Contrariamente aos outros milagres, desta vez Jesus faz uma série de gestos; mais precisamente, eram ações que demonstravam relação e envolvimento: tocou o corpo do homem, olhou para o céu, exprimindo sua comunhão com Deus, e suspirou como sinal de participação profunda no acontecimento. A cura não é um ritual exterior, mas brotava de um encontro, de um gesto que demonstra comunhão entre a pessoa doente, Jesus e Deus.

 

Marcos, narrando o milagre da cura do surdo-mudo, nos leva, ao mesmo tempo, a intuir que acontece também outro milagre: em pleno território pagão, Jesus abre os ouvidos das multidões para que escutem a Palavra de Deus, desata o nó da sua língua de modo a se unir ao cântico de louvor que se eleva a Deus por todos aqueles que creem nele. De fato aconteceu que, aqueles que levaram o doente a Jesus, no final, também foram “curados”.

 

Em todo o trecho, o surdo-mudo não diz uma palavra, não toma nenhuma iniciativa, não exprime um pensamento ou um sentimento que tenho sido relatado pelo evangelista. De resto, a sua doença o tornava incapaz de se comunicar. Mas, depois do encontro com Jesus e da cura, aquele que estava distante de todos tornou-se pólo de atração, no sentido de que, por meio dele, a multidão reconheceu e louvou o Senhor. Sua doença, sua cura, sua vida, se tornaram sacramento, um ponto de encontro, um “lugar” no qual também os outros puderam e podem encontrar Jesus.

 

Texto bíblico:  Mc. 7, 31-37

A missão de Jesus é a de devolver à pessoa a sua palavra. Não apenas a palavra aprendida, mas a palavra que exprime verdadeiramente o que ela pensa, que expressa seus profundos desejos, que revela sua real identidade.

 

Na oração:

“O que não consigo ouvir?”

- em mim - do meu caos de impulsos, afetos e desejos?

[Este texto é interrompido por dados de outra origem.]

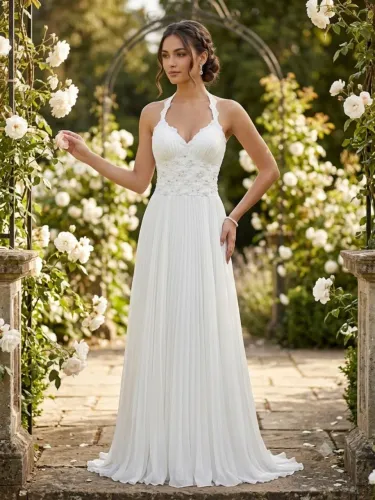 Vestido de Noiva Plissado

- do meu próximo - seu grito de dor, seu clamor, seu desamparo, sua alegria?

- de Deus – do Seu caminho, do Seu chamado, da Sua bênção?

 

E o que está mudo em mim?

– Que linguagem está presa, quê órgão fonador não se articula com o sopro do Espírito?

- Que palavras são emudecidas e alojadas no corpo, na forma de dores, doenças, tensões musculares, inibições

- Que afetos são sufocados na forma de mutismos, angústias, raivas, tristezas e depressões?

- Que palavras são inibidas e transformadas em condutas de agressão contra outros e contra mim?

- Que órgãos são esquecidos? Minhas entranhas ainda são consultadas?